Airbnb neighbourhoods¶
Source
This dataset has been directly sourced from the website Inside Airbnb. The file was imported on February 10th 2021.
This dataset contains neighbourhood boundaries for the city of Madrid, as provided by Inside Airbnb.
🗃️ Data file
neighbourhoods.geojson
ℹ️ Furhter information
[URL]
This dataset is licensed under a CC0 1.0 Universal Public Domain Dedication.
Arturo¶
This dataset contains the street layout of Madrid as well as scores of habitability, where available, associated with street segments. The data originate from the Arturo Project, by 300,000Km/s, and the available file here is a slimmed down version of their official street layout distributed by the project.
🗃️ Data file
arturo_streets.gpkg
🤖 Code used to generate the file
[Page]
ℹ️ Furhter information
[URL]
This dataset is licensed under a Creative Commons Attribution-ShareAlike 4.0 International License.
Sentinel 2 - 120m mosaic¶
This dataset contains four scenes for the region of Madrid (Spain) extracted from the Digital Twin Sandbox Sentinel-2 collection, by the SentinelHub.
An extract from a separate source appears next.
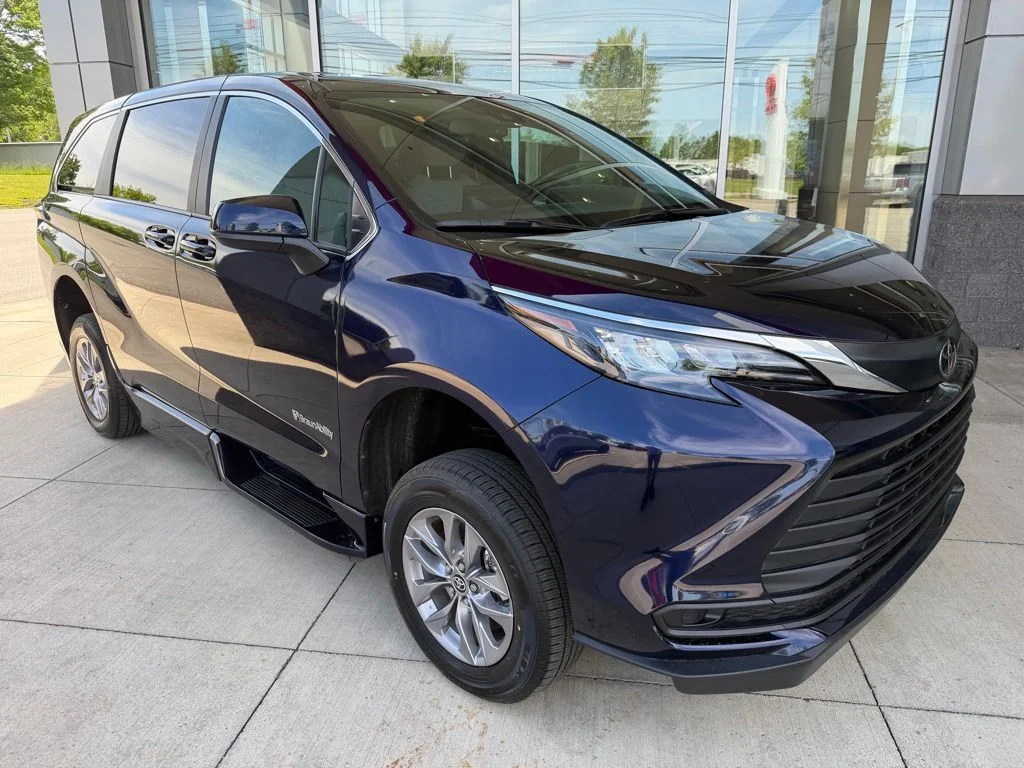 Used 2026  Toyota LE image 7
Each scene corresponds to the following dates in 2019:
January 1st
April 1st
July 10th
November 17th
Each scene includes red, green, blue and near-infrared bands.
This dataset is licensed under a Creative Commons Attribution-ShareAlike 4.0 International License.
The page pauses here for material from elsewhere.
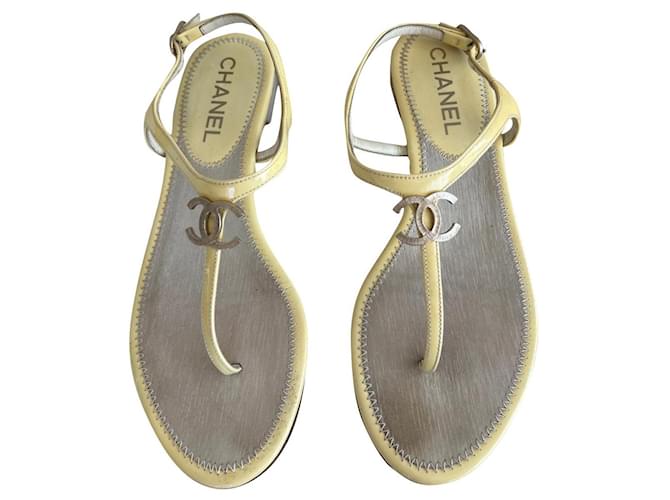 Chanel sandale en cuir Vernis  ref.605407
Sentinel 2 - 10m GHS composite¶
This dataset contains a scene for the region of Madrid (Spain) extracted from the GHS Composite S2, by the European Commission.
🗃️ Data file
madrid_scene_s2_10_tc.tif
🤖 Code used to generate the file
[Page]
ℹ️ Furhter information
[URL]
This dataset is licensed under a Creative Commons Attribution-ShareAlike 4.0 International License.
Cambodia¶
Pollution¶
Surface with \(NO_2\) measurements (tropospheric column) information attached from Sentinel 5.
🗃️ Data file
cambodia_s5_no2.tif
🤖 Code used to generate the file
[Page]
ℹ️ Furhter information
[URL]
Friction surfaces¶
This dataset is an extraction of the following two data products by Weiss et al. (2020) [WNVR+20] and distributed through the Malaria Atlas Project:
Global friction surface enumerating land-based travel walking-only speed without access to motorized transport for a nominal year 2019 (Minutes required to travel one metre)
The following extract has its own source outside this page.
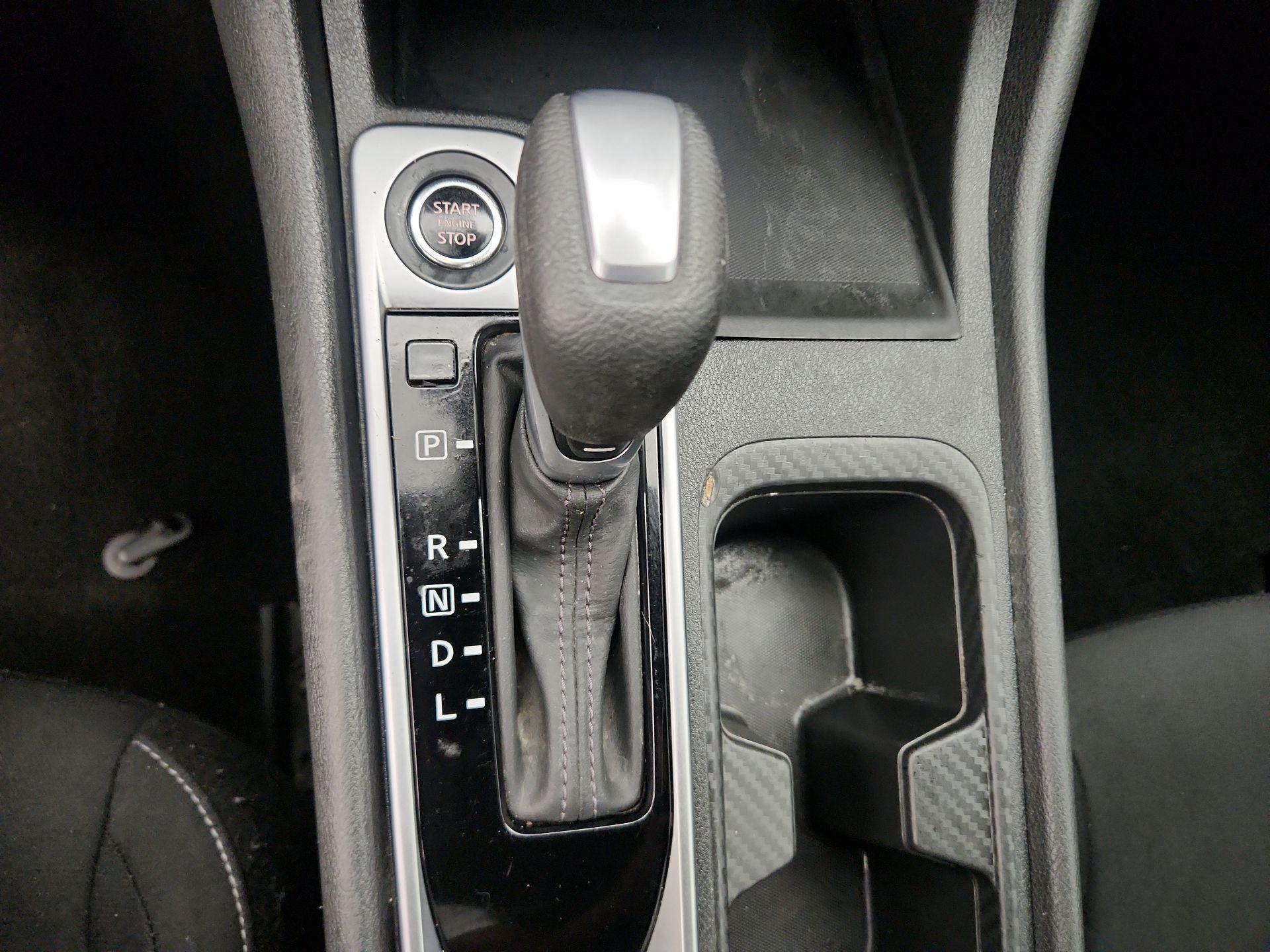 Thumbnail: 2025 Nissan Sentra - 17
Global friction surface enumerating land-based travel speed with access to motorized transport for a nominal year 2019 (Minutes required to travel one metre)
Each is provided on a separate file.
Regional aggregates¶
Source
This dataset relies on boundaries from the Humanitarian Data Exchange. The file is provided by the World Food Programme through the Humanitarian Data Exchange and was accessed on February 15th 2021.
Pollution and friction aggregated at Level 2 (municipality) administrative boundaries for Cambodia.
🗃️ Data file
cambodia_regional.gpkg
🤖 Code used to generate the file
[Page]
This dataset is licensed under a Creative Commons Attribution 4.0 International License.
Cambodian cities¶
Extract from the Urban Centre Database (UCDB), version 1.2, of the centroid for Cambodian cities.
🗃️ Data file
cambodian_cities.geojson
🤖 Code used to generate the file
[Page]
ℹ️ Furhter information
[URL]
This dataset is licensed under a Creative Commons Attribution 4.0 International License.